Go line by line through the entries below and copy those containing the string "high".

[Collected data]
____________
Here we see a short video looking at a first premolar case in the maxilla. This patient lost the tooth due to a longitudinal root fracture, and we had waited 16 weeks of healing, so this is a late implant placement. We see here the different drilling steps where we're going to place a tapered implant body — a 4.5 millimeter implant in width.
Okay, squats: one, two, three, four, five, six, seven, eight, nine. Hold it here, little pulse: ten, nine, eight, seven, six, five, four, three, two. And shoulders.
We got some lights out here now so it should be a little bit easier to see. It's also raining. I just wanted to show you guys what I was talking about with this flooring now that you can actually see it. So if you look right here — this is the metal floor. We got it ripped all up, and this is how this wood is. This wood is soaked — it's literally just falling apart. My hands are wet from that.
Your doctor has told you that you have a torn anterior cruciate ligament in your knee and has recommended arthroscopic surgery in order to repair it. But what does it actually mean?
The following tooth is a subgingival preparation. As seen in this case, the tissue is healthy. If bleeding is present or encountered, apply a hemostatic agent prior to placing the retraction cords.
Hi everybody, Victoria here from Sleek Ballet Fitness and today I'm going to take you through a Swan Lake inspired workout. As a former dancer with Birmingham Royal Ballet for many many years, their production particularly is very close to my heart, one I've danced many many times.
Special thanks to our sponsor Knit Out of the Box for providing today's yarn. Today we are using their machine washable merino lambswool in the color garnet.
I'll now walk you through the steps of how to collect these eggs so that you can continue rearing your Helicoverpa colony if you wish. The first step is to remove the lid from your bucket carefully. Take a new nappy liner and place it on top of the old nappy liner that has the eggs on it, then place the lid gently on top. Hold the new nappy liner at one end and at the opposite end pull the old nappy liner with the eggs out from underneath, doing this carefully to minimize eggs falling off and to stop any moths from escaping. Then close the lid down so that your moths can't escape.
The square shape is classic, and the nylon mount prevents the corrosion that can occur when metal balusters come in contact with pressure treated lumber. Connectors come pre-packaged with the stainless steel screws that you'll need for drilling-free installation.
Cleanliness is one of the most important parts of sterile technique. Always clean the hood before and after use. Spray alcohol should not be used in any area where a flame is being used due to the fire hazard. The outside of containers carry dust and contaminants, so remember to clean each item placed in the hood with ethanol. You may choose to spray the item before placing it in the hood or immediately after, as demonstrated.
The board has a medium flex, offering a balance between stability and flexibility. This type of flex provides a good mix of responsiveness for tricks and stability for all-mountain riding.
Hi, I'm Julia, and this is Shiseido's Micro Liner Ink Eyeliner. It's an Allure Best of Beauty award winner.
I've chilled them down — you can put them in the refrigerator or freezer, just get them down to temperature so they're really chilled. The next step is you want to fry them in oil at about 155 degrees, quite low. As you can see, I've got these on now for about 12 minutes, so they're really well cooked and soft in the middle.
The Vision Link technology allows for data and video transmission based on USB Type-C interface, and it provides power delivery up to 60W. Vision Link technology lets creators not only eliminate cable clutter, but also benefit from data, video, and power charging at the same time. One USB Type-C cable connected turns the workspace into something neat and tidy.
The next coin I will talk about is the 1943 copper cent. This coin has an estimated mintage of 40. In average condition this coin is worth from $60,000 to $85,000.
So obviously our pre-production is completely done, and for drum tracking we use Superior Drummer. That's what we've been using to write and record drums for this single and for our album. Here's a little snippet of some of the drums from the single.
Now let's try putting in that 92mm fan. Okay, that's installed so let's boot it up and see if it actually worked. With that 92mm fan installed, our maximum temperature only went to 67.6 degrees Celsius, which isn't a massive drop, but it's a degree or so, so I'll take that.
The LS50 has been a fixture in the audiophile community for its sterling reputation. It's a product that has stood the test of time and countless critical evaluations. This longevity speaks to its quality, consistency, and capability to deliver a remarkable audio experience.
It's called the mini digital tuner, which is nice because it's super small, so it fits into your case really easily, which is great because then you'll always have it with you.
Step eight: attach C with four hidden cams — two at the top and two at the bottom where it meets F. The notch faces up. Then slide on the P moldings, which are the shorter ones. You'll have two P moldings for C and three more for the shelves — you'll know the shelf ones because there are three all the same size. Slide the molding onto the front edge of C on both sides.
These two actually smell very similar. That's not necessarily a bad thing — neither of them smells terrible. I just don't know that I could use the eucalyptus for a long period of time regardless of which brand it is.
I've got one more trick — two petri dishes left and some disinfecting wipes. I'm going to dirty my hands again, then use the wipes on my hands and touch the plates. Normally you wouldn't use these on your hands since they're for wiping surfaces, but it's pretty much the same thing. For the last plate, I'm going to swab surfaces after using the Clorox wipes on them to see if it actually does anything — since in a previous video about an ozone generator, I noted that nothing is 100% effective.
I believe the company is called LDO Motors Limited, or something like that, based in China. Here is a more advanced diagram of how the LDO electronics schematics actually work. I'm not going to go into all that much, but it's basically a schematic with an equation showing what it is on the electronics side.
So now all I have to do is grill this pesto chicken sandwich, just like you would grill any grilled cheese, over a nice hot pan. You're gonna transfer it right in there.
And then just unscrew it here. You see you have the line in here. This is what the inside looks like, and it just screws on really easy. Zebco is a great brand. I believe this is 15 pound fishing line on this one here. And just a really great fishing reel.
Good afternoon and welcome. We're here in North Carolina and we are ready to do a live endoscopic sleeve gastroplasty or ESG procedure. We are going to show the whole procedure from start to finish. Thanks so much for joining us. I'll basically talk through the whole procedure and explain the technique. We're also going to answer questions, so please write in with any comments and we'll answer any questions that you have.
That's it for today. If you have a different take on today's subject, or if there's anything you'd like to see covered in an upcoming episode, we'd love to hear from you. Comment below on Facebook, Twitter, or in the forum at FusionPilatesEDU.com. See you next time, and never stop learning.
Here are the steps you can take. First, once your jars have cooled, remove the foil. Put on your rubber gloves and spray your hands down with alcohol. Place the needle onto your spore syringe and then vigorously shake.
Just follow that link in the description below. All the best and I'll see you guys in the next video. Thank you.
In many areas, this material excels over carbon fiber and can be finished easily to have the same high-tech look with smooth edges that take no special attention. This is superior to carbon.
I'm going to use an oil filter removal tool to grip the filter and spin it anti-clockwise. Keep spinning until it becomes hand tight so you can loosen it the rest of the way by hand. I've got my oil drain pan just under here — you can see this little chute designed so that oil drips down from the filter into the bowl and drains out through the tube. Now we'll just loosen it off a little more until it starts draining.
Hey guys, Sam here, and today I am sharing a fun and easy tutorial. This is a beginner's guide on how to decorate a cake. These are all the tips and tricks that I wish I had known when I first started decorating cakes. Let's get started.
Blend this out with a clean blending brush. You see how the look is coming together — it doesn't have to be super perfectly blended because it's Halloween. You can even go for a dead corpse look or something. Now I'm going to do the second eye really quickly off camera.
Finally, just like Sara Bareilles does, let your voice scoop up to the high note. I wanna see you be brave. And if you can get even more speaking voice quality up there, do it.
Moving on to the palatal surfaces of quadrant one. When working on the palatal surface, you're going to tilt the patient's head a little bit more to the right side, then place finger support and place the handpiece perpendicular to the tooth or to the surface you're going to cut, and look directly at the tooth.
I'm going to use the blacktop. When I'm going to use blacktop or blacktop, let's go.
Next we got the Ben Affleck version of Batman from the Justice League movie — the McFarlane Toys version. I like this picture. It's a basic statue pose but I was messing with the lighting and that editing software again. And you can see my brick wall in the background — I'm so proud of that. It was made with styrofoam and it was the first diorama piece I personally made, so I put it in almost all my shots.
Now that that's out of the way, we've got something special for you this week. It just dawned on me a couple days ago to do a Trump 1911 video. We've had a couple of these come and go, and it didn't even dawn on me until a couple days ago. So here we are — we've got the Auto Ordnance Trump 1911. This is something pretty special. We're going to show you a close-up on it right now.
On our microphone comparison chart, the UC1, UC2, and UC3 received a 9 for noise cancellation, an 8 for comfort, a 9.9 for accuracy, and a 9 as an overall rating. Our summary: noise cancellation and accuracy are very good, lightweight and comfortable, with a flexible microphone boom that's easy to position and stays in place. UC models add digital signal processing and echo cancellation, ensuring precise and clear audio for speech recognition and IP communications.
____________
▸ Task response:
In many areas, this material excels over carbon fiber and can be finished easily to have the same high-tech look with smooth edges that take no special attention. This is superior to carbon.
Finally, just like Sara Bareilles does, let your voice scoop up to the high note. I wanna see you be brave. And if you can get even more speaking voice quality up there, do it.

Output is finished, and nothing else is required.